Branch Target Buffer, Return Address Stack

February 25 2004

branch prediction review

there are two steps to branch prediction:

  1. generate prediction
  2. update state

we generate predictions before we know the branch outcome - this means that prediction happens early in the pipeline. we update the state of our predictors after we know the actual branch outcome - this means that update happens later in the pipeline. let's review what happens in these two steps for the types of branch predictors we saw last week:

questions

why are the number of local/global history bits determined by the size of the pattern history table?

why do we always update the saturating counters before we update the shift registers?

branch target buffer [btb]

branch target buffers are very simple: they're just fixed-size hashtables that map from pc's to branch target addresses.

how do you use a branch target buffer? if our pc is 12, we search our branch target buffer, looking for an entry marked with pc 12. if we find a matching entry [this is called a "btb hit"], we know two things: we know that we are executing a branch instruction, and we know the target address of the branch. if we don't find a matching entry in the branch target buffer, it doesn't tell us anything.

before, we had to wait until the decode stage to perform branch prediction, because branch prediction requires two pieces of information that are usually not available during fetch:

  1. is the current instruction a branch instruction?
  2. if so, what is the branch target address?

when we have a btb hit, the branch target buffer tells us these two important pieces of information - and the only input it needed was the current pc. this means that we can perform branch prediction in the fetch stage, if we have a branch target buffer.

why is this good? draw a pipeline timing diagram. if we predict branches in the decode stage, there is one cycle of wasted fetch after every branch instruction, because we don't know what we're supposed to be fetching until the branch finishes decode. if we predict branches in the fetch stage, there are no cycles of wasted fetch.
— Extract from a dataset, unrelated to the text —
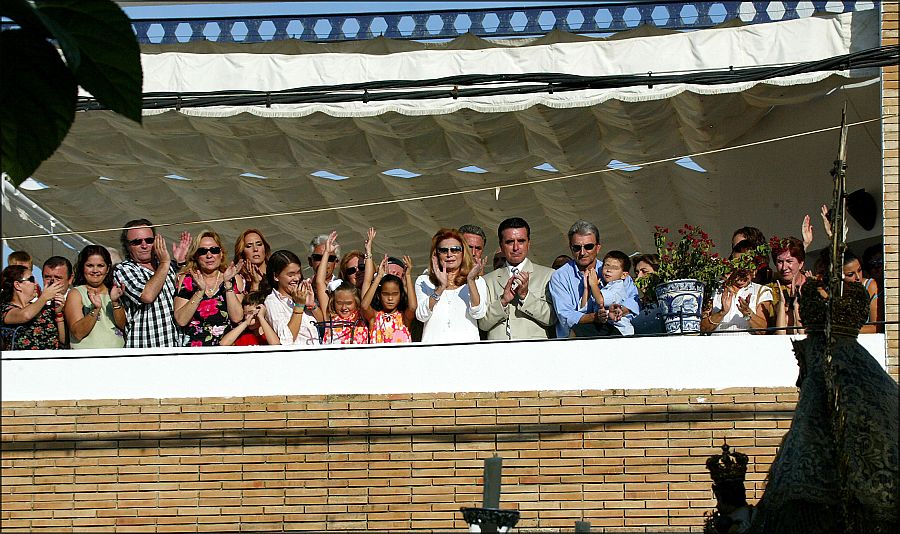 Rocío Jurado junto a toda su familia en Chipiona en 2004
return address stack [ras]

return address stacks are also very simple: they're fixed size stacks of return addresses.

to use a return address stack, we push pc+4 onto the stack when we execute a procedure call instruction. this pushes the return address of the call instruction onto the stack - when the call is finished, it will return to pc+4 of the procedure call instruction. when we execute a return instruction, we pop an address off the stack, and predict that the return instruction will return to the popped address.

since return instructions almost always return to the last procedure call instruction, return address stacks are highly accurate.
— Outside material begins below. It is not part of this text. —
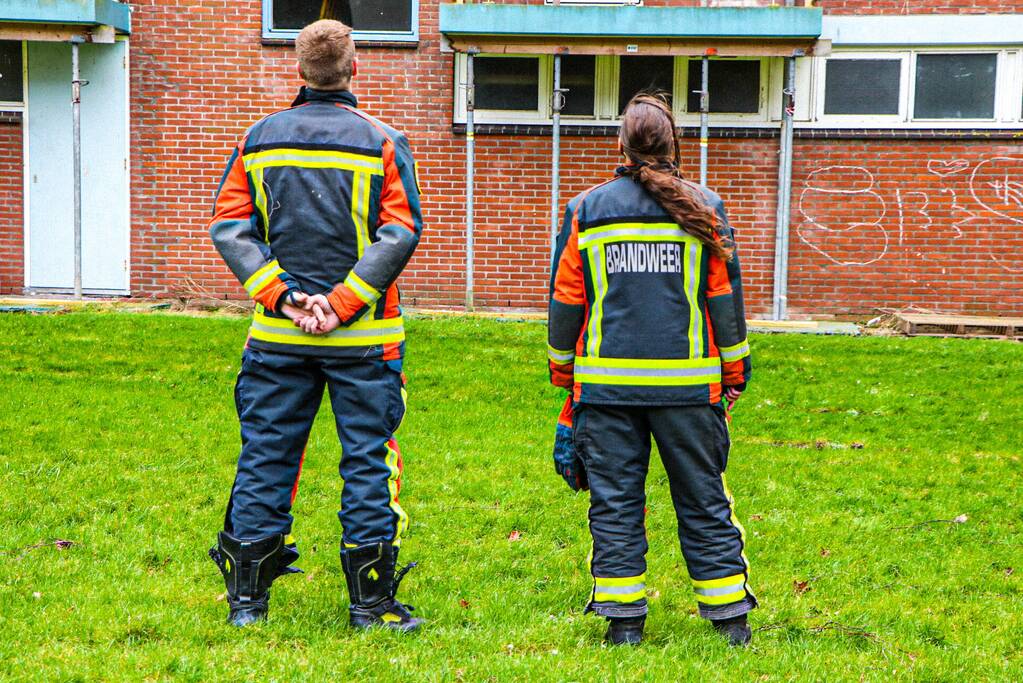 Ruit van balkondeur stuk door harde wind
remember that return address stacks only generate predictions for return instructions. they don't help at all for procedure call instructions [we use the btb to predict calls].

problems

suppose i have a standard 5-stage pipeline where branches and jumps are resolved in the execute stage. 20% of my instructions are branches, and they're taken 60% of the time. 5% of my instructions are return instructions [return instructions are not branches!].

what's the cpi of my system if i always stall my processor on branches and jumps? what if i always predict that branches and jumps are taken?